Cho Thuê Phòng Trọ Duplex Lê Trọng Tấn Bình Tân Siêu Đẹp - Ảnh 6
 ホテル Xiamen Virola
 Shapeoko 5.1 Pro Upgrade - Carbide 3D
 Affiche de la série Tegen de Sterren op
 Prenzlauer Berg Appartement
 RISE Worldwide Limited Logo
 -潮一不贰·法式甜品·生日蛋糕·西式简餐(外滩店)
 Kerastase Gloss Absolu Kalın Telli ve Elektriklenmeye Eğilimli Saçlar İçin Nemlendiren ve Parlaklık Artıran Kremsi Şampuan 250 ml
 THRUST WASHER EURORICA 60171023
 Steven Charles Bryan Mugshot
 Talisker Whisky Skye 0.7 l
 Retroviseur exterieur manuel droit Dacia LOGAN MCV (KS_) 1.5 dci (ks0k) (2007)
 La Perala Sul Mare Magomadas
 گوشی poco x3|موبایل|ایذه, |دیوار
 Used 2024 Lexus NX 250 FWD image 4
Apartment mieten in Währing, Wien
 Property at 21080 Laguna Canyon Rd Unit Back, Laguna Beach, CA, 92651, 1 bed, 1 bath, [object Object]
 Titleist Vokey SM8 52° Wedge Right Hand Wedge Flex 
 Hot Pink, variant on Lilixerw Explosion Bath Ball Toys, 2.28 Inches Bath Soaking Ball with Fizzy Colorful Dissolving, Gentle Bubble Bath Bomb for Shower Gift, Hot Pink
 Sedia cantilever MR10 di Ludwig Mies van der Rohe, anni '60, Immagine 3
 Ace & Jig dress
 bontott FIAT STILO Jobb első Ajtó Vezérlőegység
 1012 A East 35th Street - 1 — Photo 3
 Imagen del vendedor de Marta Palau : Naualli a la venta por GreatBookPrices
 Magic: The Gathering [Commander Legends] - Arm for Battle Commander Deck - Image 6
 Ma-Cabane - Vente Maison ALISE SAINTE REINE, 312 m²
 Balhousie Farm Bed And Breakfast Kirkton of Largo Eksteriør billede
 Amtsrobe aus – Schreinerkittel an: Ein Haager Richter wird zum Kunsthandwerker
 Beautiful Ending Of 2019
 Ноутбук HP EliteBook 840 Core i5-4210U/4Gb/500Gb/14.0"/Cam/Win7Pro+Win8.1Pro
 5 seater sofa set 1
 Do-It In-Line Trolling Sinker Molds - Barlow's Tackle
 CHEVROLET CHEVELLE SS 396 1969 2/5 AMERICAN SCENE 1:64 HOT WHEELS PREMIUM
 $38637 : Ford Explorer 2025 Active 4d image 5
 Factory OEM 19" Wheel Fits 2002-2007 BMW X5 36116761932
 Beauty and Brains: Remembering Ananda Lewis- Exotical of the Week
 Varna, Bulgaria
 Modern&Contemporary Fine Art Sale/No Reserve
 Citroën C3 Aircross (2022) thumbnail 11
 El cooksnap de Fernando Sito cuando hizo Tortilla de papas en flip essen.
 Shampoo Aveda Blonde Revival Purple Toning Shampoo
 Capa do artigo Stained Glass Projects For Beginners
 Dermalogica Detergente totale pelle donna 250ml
────────────────
Could you repeat exactly the lines in the listing above from the one with "Talisker Whisky Skye 0.7 l" down to the one with "Balhousie Farm Bed"? Include both of those lines.

 Talisker Whisky Skye 0.7 l
 Retroviseur exterieur manuel droit Dacia LOGAN MCV (KS_) 1.5 dci (ks0k) (2007)
 La Perala Sul Mare Magomadas
 گوشی poco x3|موبایل|ایذه, |دیوار
 Used 2024 Lexus NX 250 FWD image 4
Apartment mieten in Währing, Wien
 Property at 21080 Laguna Canyon Rd Unit Back, Laguna Beach, CA, 92651, 1 bed, 1 bath, [object Object]
 Titleist Vokey SM8 52° Wedge Right Hand Wedge Flex 
 Hot Pink, variant on Lilixerw Explosion Bath Ball Toys, 2.28 Inches Bath Soaking Ball with Fizzy Colorful Dissolving, Gentle Bubble Bath Bomb for Shower Gift, Hot Pink
 Sedia cantilever MR10 di Ludwig Mies van der Rohe, anni '60, Immagine 3
 Ace & Jig dress
 bontott FIAT STILO Jobb első Ajtó Vezérlőegység
 1012 A East 35th Street - 1 — Photo 3
 Imagen del vendedor de Marta Palau : Naualli a la venta por GreatBookPrices
 Magic: The Gathering [Commander Legends] - Arm for Battle Commander Deck - Image 6
 Ma-Cabane - Vente Maison ALISE SAINTE REINE, 312 m²
 Balhousie Farm Bed And Breakfast Kirkton of Largo Eksteriør billede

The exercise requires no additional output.